Robert Shuman is a principal at MGA Partners, Architects, the successor to Mitchell/Giurgola Architects, Philadelphia, whose body of work includes significant buildings for the federal courts, colleges and universities, and other private institutions. Since joining Mitchell/Giurgola Architects in 1982, he has developed expertise in building design and documentation, construction administration, exterior envelope design and detailing, building systems integration, energy efficient design, building code analysis, and general professional practice.  Professor Shuman holds an NCARB Certificate, and is a registered architect in Pennsylvania and New Jersey.  He is also a LEED Accredited Professional, and a member of the International Code Council.

Professor Shuman’s perspective on architecture has developed over his career from the point of view of a maker of consequential physical objects.  This perspective has its roots in his early training as a carpenter, mechanic, and furniture maker.  After nearly 30 years of professional practice, much of which has required him to master the collateral activities of running a viable design based professional services business, his first principles still remain connected to the idea of ‘making’ with care physical things in time and space.    An architecture demonstrated in architectural terms, that is, as a physical proposal to be experienced by human beings in time and space.

  • An architecture fundamentally linked to the medium of building and construction, with a visceral and tectonic basis.

  • An architecture whose expressive power derives from its material aspect and the human craft required to shape it and assemble it.

  • An architecture intended to endure for generations and support many and varied human purposes.

  • A sustainable architecture recognizing the environmental responsibility of design, particularly minimizing carbon based energy usage.

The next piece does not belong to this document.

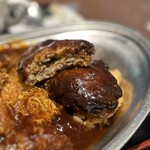 はやしや - ハンバーグ断面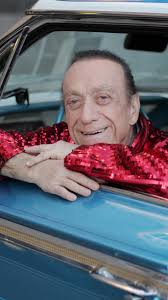 #Happy #MemorialDayWeekend #StaySafe out there! Remember what  @mr_angel_baby says #slowandlow #useyourblinkers And enjoy this #Lowrider  #CarCulture #history , #ArtLaboe #OldiesButGoodies ...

  • An architecture integral with and expressive of engineering, specifically envelope, superstructure, and environmental conditioning systems.

  • An architecture whose form and space are shaped first by ‘universal’ program’ values (e.g. shelter, light, view, entrance) and ways of building.

  • An architecture that is a fundamental vehicle for human history, both the history of ideas and the history of constructive work that embodies them.